Acknowledging the Federal Government’s ‘bold reforms’ as necessary steps to rescue Nigeria from a fiscal cliff, the World Bank also highlighted the adverse effects of these policies.

“The petrol subsidy and FX management reforms are critical steps in the right direction towards improving Nigeria’s economic outlook. Now is the time to truly turn the corner by ensuring coordinated fiscal and monetary policy actions in the short to medium term,” Shubham Chaudhuri, World Bank Country Director for Nigeria, said.

However, the report revealed that these reforms had precipitated intense pressures on the cost of living, resulting in a distressing upsurge in poverty.

‘‘Inflation remains at record high levels for Nigeria, 27.3 percent Year-on-Year, YoY, in October 2023, partly driven by the one-off price impacts of the removal of the gasoline subsidy.

‘‘The impact of this is especially hard on poor and vulnerable citizens.

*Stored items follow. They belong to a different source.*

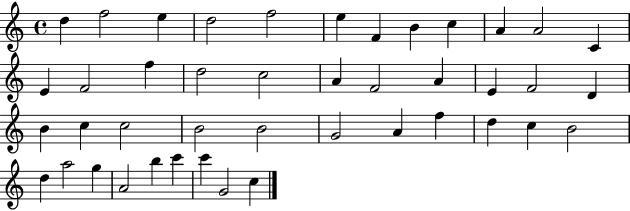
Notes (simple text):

D5/q F5/h E5/q D5/h F5/h E5/q F4/q B4/q C5/q A4/q A4/h C4/q E4/q F4/h F5/q D5/h C5/h A4/q F4/h A4/q E4/q F4/h D4/q B4/q C5/q C5/h B4/h B4/h G4/h A4/q F5/q D5/q C5/q B4/h D5/q A5/h G5/q A4/h B5/q C6/q C6/q G4/h C5/q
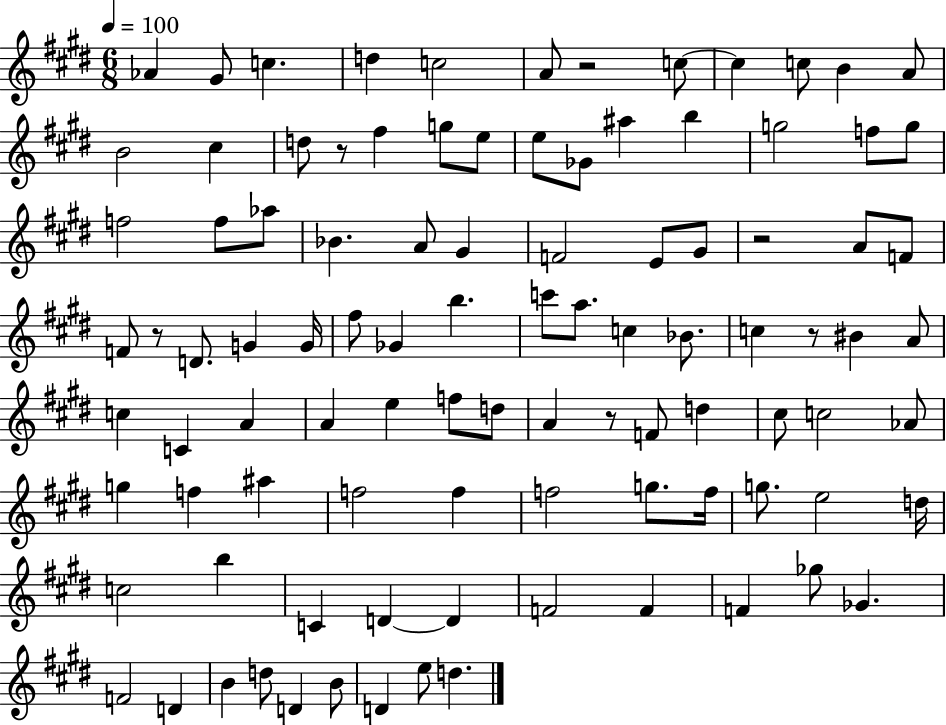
X:1
T:Untitled
M:6/8
L:1/4
K:E
_A ^G/2 c d c2 A/2 z2 c/2 c c/2 B A/2 B2 ^c d/2 z/2 ^f g/2 e/2 e/2 _G/2 ^a b g2 f/2 g/2 f2 f/2 _a/2 _B A/2 ^G F2 E/2 ^G/2 z2 A/2 F/2 F/2 z/2 D/2 G G/4 ^f/2 _G b c'/2 a/2 c _B/2 c z/2 ^B A/2 c C A A e f/2 d/2 A z/2 F/2 d ^c/2 c2 _A/2 g f ^a f2 f f2 g/2 f/4 g/2 e2 d/4 c2 b C D D F2 F F _g/2 _G F2 D B d/2 D B/2 D e/2 d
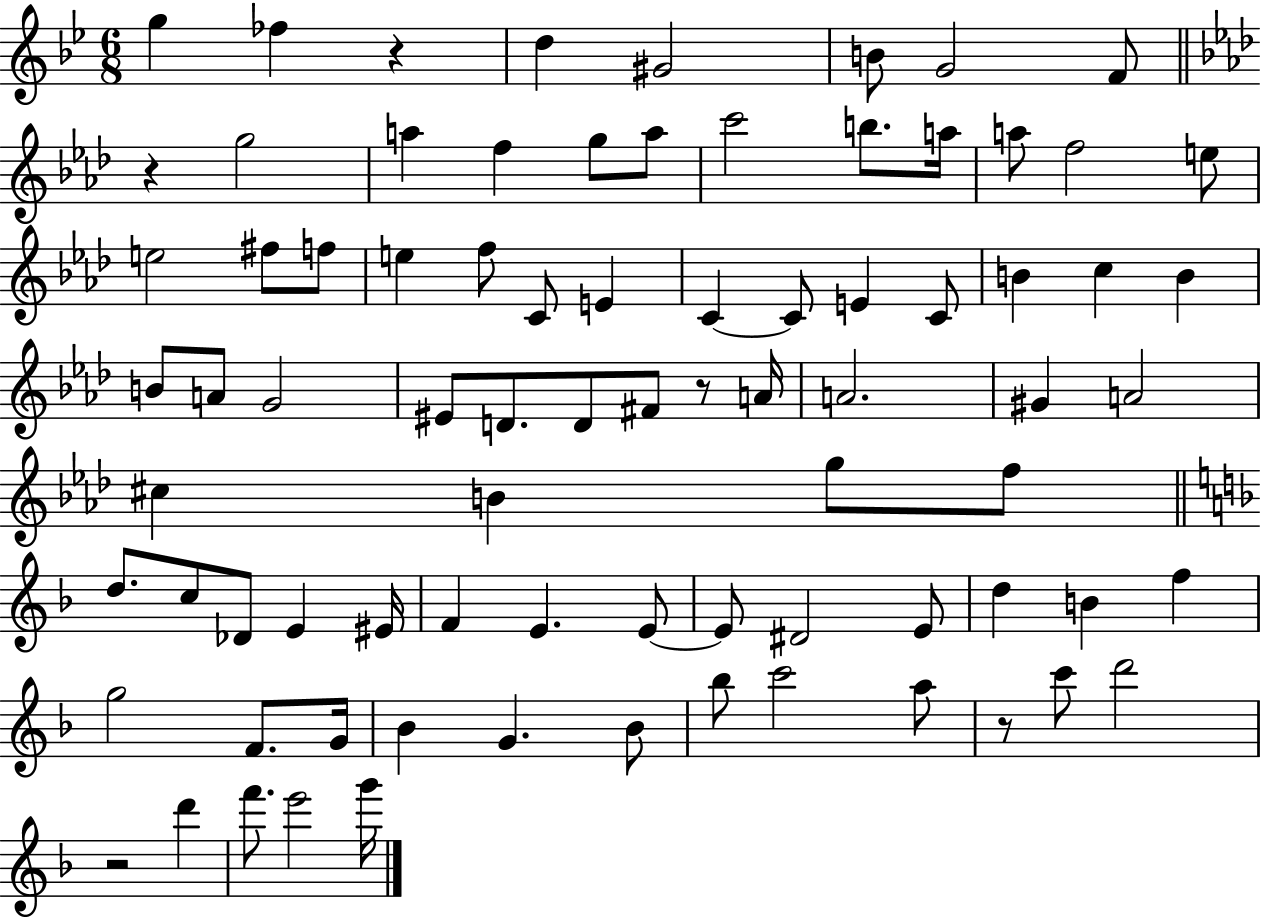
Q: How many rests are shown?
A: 5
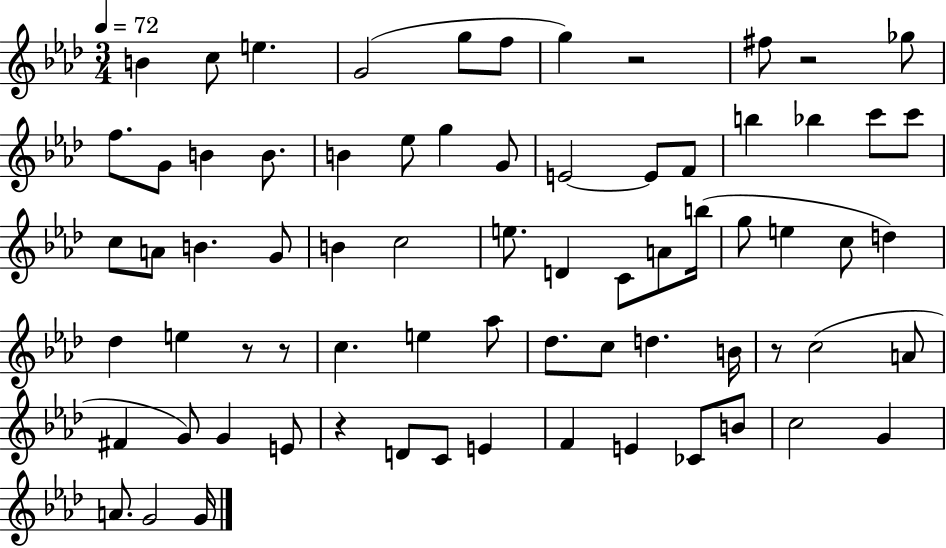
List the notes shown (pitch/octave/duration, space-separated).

B4/q C5/e E5/q. G4/h G5/e F5/e G5/q R/h F#5/e R/h Gb5/e F5/e. G4/e B4/q B4/e. B4/q Eb5/e G5/q G4/e E4/h E4/e F4/e B5/q Bb5/q C6/e C6/e C5/e A4/e B4/q. G4/e B4/q C5/h E5/e. D4/q C4/e A4/e B5/s G5/e E5/q C5/e D5/q Db5/q E5/q R/e R/e C5/q. E5/q Ab5/e Db5/e. C5/e D5/q. B4/s R/e C5/h A4/e F#4/q G4/e G4/q E4/e R/q D4/e C4/e E4/q F4/q E4/q CES4/e B4/e C5/h G4/q A4/e. G4/h G4/s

The FX market has remained volatile and in a period of continuing adjustment to the new policy approach, with significant fluctuations in the exchange rate in both the official and the parallel markets,” the report said.

Against this backdrop, the number of Nigerians living below the poverty line surged to an alarming 104 million, escalating from 95 million in 2021 and 100 million in 2022. Data from the Nigerian Bureau of Statistics corroborated this trend, showcasing an increase from 82.9 million in 2019 to 85.2 million in 2020.

Addressing the economic challenges, the World Bank’s Nigeria Development Update titled ‘Turning the Corner: Time to Move From Reforms to Results’ emphasized the need for continued reform momentum and urged clarity on oil revenues, particularly highlighting the financial gains of the Nigeria National Petroleum Corporation Limited (NNPCL) from the subsidy removal.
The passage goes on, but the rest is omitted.